Groups representing Ohio pharmacists, doctors and hospitals are among some 60 health-care provider organizations and patient groups backing the bipartisan proposal, House Bill 135.


The only public opponents are pharmacy benefit managers – obscure middlemen in the drug supply chain often simply called PBMs – and health insurance companies. But those insurance companies, which claim copay assistance drives up the cost of prescription drugs, are politically powerful in Ohio.


Kelly O’Reilly, president and CEO of the Ohio Association of Health Plans, called aid from drugmakers "a marketing tool by the pharmaceutical industry."


"If drugmakers can afford to give out coupons for their products, why don’t they just lower the price for everyone instead of giving coupons to some people - those with private insurance - and not anyone else?" she said.


"In the end, copay coupons force small businesses to raise premiums, thereby impacting increasing health costs for their employees. House Bill 135 encourages this practice, instead of addressing the root cause of inflated drug prices by pharmaceutical companies."


While the bill passed the House Health Committee unanimously in the spring of 2021, it mysteriously disappeared down the Statehouse rabbit hole for nearly a year. After a Columbus Dispatch story questioning the delay on such a widely supported bill, it went to the entire House, where it passed without opposition.


It's still far from a done deal, however.

The Senate sat on the bill for several months until an initial Health Committee hearing Nov. 16. Despite the backing of Republicans and Democrats, GOP members of the panel still express skepticism about the measure.

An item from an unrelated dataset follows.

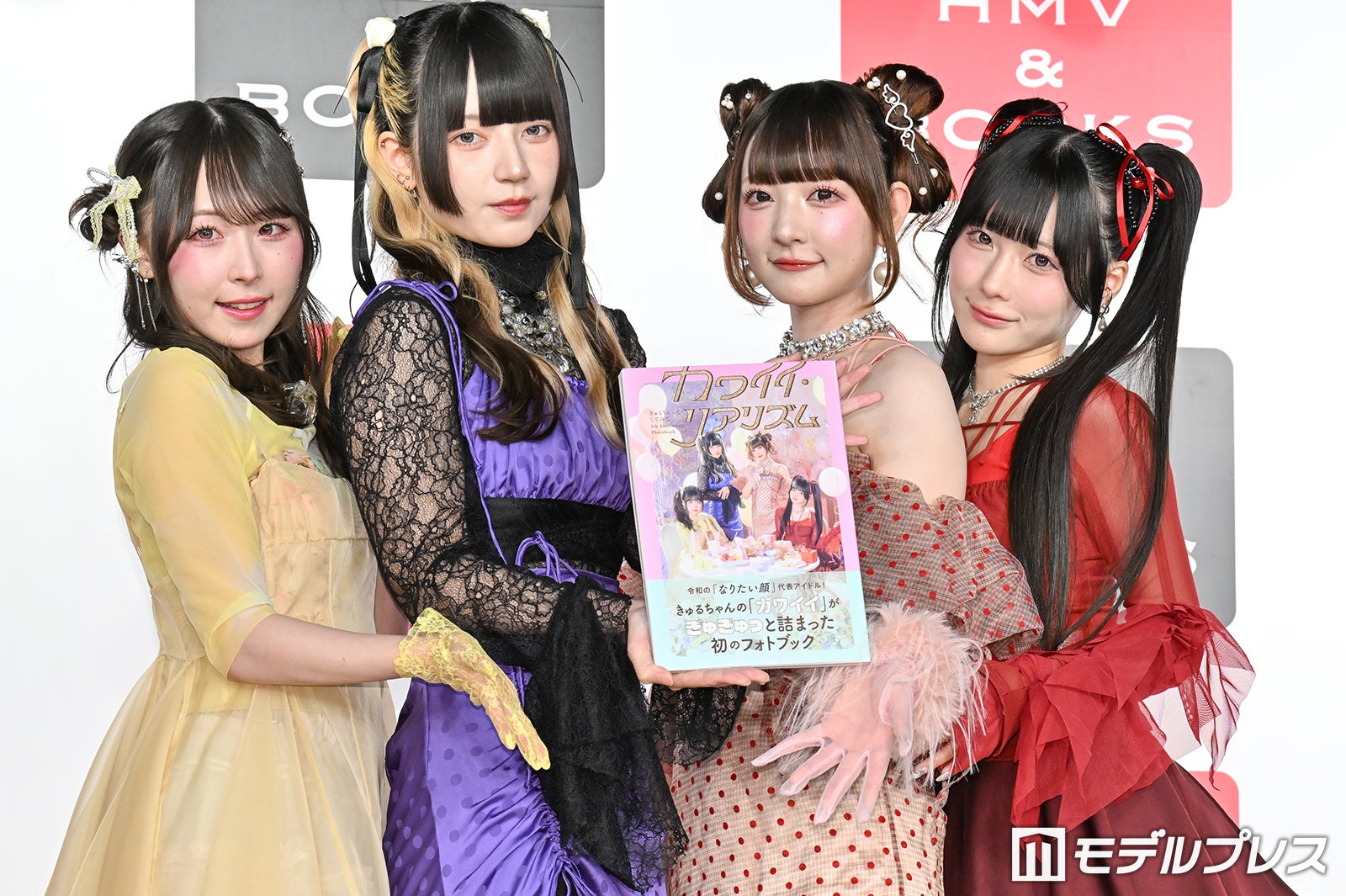 （左から）島村嬉唄、環やね、チバゆな、逃げ水あむ／きゅるりんってしてみて（C）モデルプレス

Chairman Stephen Huffman, a doctor from Tipp City, told ABC6 On Your Side he questioned whether House members knew what they were passing in the unanimous vote.


Cosponsors Susan Manchester, a Republican from the northwest Ohio of Waynesfield, and Canton Democrat Thomas West, expressed an openness to minor amendments but strongly urged passage of the copay accumulator ban during the committee hearing.

“Our bill is simple," Manchester said. "It disallows health plans and PBMs from discriminating against patients who use third-party assistance to help pay their increasing out-of-pocket expenses mandated by their coverage plans."

West cited a constituent who has suffered from the impact of copay accumulators.

“We’ve all heard stories from patients rationing drugs, people who have missed a dose here or there to make their prescriptions last a little longer," he said. "No one should be put in this position, caught between a rock and a hard place.”


DeWine uncertain whether he'll sign ban on copay accumulators


Another hearing on the Manchester-West proposal is slated for Wednesday, when other proponents are scheduled to testify.


However, only a month remains in the current two-year legislative session. And numerous other GOP priority bills are being rushed through before the end of the lame-duck session.

Even a minor amendment by the Senate would then require the House to consider the new version.


A spokesman for Gov. Mike DeWine said while the administration is watching the bill, he has taken no position on it.


All that means Ohioans currently in their open enrollment period to sign up for health insurance will be left up in the air for yet another year for coverage decisions that are greatly impacted by copay accumulators.


And Ohio hasn’t even begun to adapt to a new tactic that insurance companies are using, perhaps to get around the growing number of state bans, called copay maximizers.